I spent my weekend in New York City.
It wasn’t just any weekend. It wasn’t vacation. It wasn’t for fun. Well, maybe a little. I did have fun, but I was also very stressed out. As high school seniors, we invest most of our time in preparing for college and visits and tests and interviews. I, in addition, had to prepare for an audition. Yes, I want to go to college to study dance and earn a degree. This requires me traveling various locations and audition in order to be told whether or not I’m good enough to do that. So this is what I did this weekend.
My dad came with me, which was incredibly helpful since I could rant about my nerves and worries to someone. I was still a scared mess. I walked into the NYU building last Friday morning; every inch of me was shaking and I could barely talk. I kept laughing awkwardly at every single stupid thing my dad said. Just trying to think about something, anything else. Obviously it didn’t work. So we walked in the building and were told to take the elevator up the stairs. At this point I was paralyzed with fear, which wasn’t good especially when going into a dance audition. Yet, I was trying to seem totally cool because another fellow auditionee was in the elevator with me. The door slid open and I walked into a room packed with girls my age who were talking, stretching, just chilling before entering the audition.

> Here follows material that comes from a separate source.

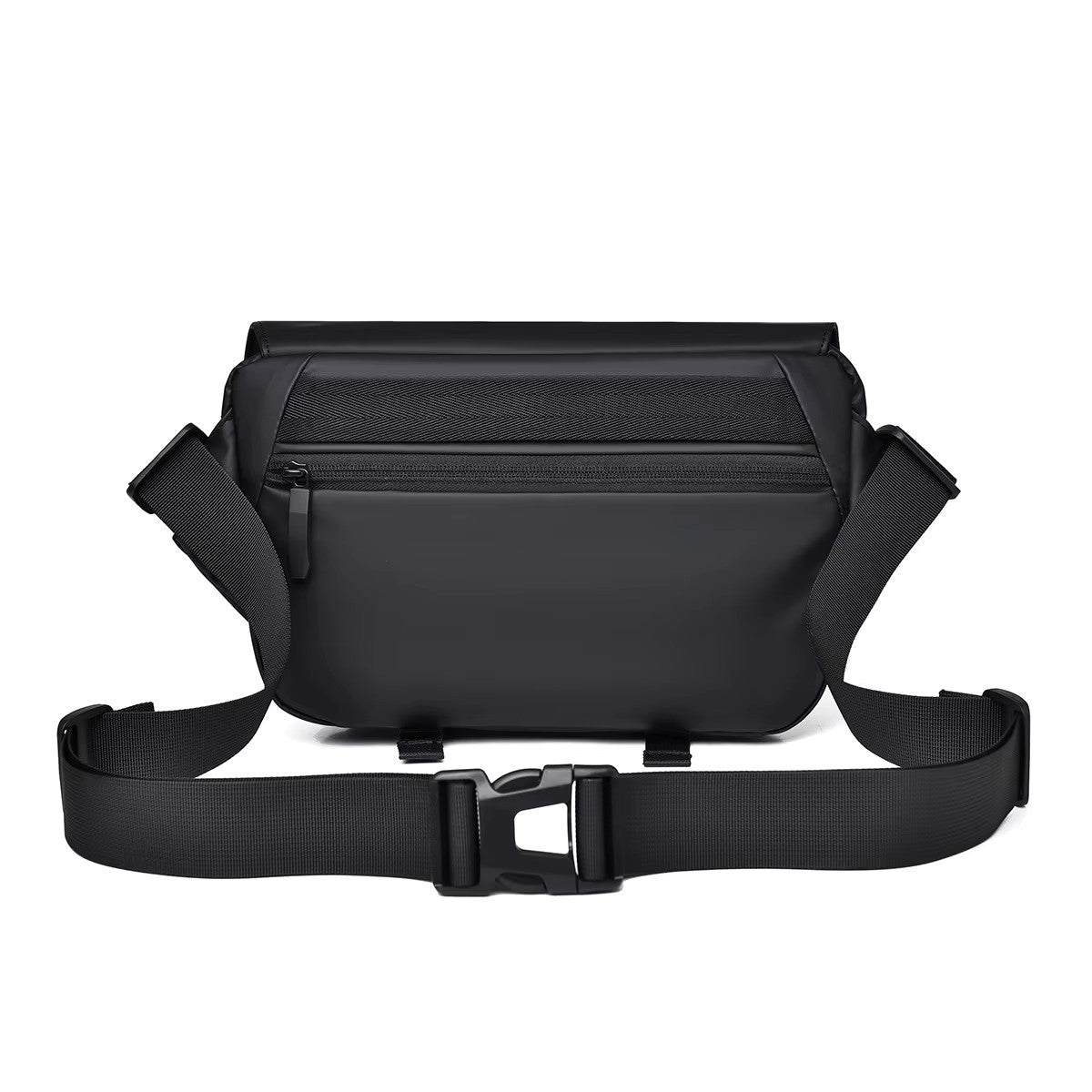 Alien Infinity UrbanShield Sling Pro Max Crossbody Bag for Men & Women | Waterproof Sling Bag with Trolley Strap & Tripod Holder | Premium Travel Messenger Shoulder Bag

My face became yellow and I just slowly approached a corner where I would attempt stretching. When, after what felt like an eternity, they called us into the studio we got to stretch another little bit. At this point my muscles were as stretched out as they’ll ever be and all I wanted to do was start class and get it over with. They introduced us to the dance faculty and then we began. We did a few exercises at the barre and then moved onto center. After the ballet portion of the audition, which I thought had gone fairly well, we moved onto contemporary, were catastrophe struck. I’ve only been doing contemporary for a year so you can understand I’m not the best at picking up choreography. So when the teacher, a lovely woman, threw us a whole combination for us to learn in five minutes, I completely lost it. My hart began pounding and my breathing was out of control. By the time it was my turn, I was soaked in sweat and I just tried to do my best though I could feel that it wouldn’t have been enough. I was right. After the contemporary portion of the audition they announced who had made it to the next part of the audition. I didn’t. I got cut. My heart shattered into million of pieces like a glass being dropped from a fifteen stories high building.
“They cut me,” I told my dad as I left the studio.
I was on the verge of tearing up. I turned around to get my stuff and started balling. I felt like nothing. Like everything I had worked for that far meant nothing. I’m not good, no college will accept me, I’m done. This is all that ran through my mind. I started panicking knowing the following day I had another audition and the weekend after another one. What will I do if I can’t dance? I was desperate.Luckily my dad was there. He hugged me and told me that what they said to me didn’t matter, that just because they didn’t want to admit me didn’t mean anyone else won’t. He slowly started picking up all the broken pieces and glued them back together.
He was right, because two years later here I am, halfway through the first semester of sophomore year, in a school that I love, sorrounded by people I love and doing what I am meant to do.